Short web captions.
Start of Block
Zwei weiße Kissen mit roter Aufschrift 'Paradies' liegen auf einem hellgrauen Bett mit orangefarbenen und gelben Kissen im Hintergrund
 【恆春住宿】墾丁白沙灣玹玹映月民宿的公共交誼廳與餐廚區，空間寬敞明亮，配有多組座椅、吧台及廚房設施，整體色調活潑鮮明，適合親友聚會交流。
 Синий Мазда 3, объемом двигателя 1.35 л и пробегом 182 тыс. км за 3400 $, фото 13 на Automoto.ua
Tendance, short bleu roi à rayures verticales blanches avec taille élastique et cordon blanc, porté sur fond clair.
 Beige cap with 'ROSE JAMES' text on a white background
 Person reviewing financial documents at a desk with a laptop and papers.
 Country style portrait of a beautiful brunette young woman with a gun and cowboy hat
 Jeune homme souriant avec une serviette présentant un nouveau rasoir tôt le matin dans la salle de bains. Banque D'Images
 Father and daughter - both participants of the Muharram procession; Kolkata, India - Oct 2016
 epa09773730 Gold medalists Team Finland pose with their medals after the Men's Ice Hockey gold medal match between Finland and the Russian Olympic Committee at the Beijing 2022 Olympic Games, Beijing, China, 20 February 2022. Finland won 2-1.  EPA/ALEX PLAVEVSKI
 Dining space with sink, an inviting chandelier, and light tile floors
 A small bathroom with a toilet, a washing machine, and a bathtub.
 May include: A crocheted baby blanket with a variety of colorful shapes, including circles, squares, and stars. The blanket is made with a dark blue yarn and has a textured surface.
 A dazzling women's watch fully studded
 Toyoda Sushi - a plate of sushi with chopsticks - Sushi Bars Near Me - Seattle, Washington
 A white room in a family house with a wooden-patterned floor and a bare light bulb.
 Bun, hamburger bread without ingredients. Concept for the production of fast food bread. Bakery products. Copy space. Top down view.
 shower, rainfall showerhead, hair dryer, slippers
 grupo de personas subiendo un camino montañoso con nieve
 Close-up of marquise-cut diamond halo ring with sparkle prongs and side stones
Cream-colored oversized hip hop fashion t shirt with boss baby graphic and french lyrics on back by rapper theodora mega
End of Block
PROMPT. The answer must restate each entry word for word.

RESULT BELOW.
Zwei weiße Kissen mit roter Aufschrift 'Paradies' liegen auf einem hellgrauen Bett mit orangefarbenen und gelben Kissen im Hintergrund
 【恆春住宿】墾丁白沙灣玹玹映月民宿的公共交誼廳與餐廚區，空間寬敞明亮，配有多組座椅、吧台及廚房設施，整體色調活潑鮮明，適合親友聚會交流。
 Синий Мазда 3, объемом двигателя 1.35 л и пробегом 182 тыс. км за 3400 $, фото 13 на Automoto.ua
Tendance, short bleu roi à rayures verticales blanches avec taille élastique et cordon blanc, porté sur fond clair.
 Beige cap with 'ROSE JAMES' text on a white background
 Person reviewing financial documents at a desk with a laptop and papers.
 Country style portrait of a beautiful brunette young woman with a gun and cowboy hat
 Jeune homme souriant avec une serviette présentant un nouveau rasoir tôt le matin dans la salle de bains. Banque D'Images
 Father and daughter - both participants of the Muharram procession; Kolkata, India - Oct 2016
 epa09773730 Gold medalists Team Finland pose with their medals after the Men's Ice Hockey gold medal match between Finland and the Russian Olympic Committee at the Beijing 2022 Olympic Games, Beijing, China, 20 February 2022. Finland won 2-1.  EPA/ALEX PLAVEVSKI
 Dining space with sink, an inviting chandelier, and light tile floors
 A small bathroom with a toilet, a washing machine, and a bathtub.
 May include: A crocheted baby blanket with a variety of colorful shapes, including circles, squares, and stars. The blanket is made with a dark blue yarn and has a textured surface.
 A dazzling women's watch fully studded
 Toyoda Sushi - a plate of sushi with chopsticks - Sushi Bars Near Me - Seattle, Washington
 A white room in a family house with a wooden-patterned floor and a bare light bulb.
 Bun, hamburger bread without ingredients. Concept for the production of fast food bread. Bakery products. Copy space. Top down view.
 shower, rainfall showerhead, hair dryer, slippers
 grupo de personas subiendo un camino montañoso con nieve
 Close-up of marquise-cut diamond halo ring with sparkle prongs and side stones
Cream-colored oversized hip hop fashion t shirt with boss baby graphic and french lyrics on back by rapper theodora mega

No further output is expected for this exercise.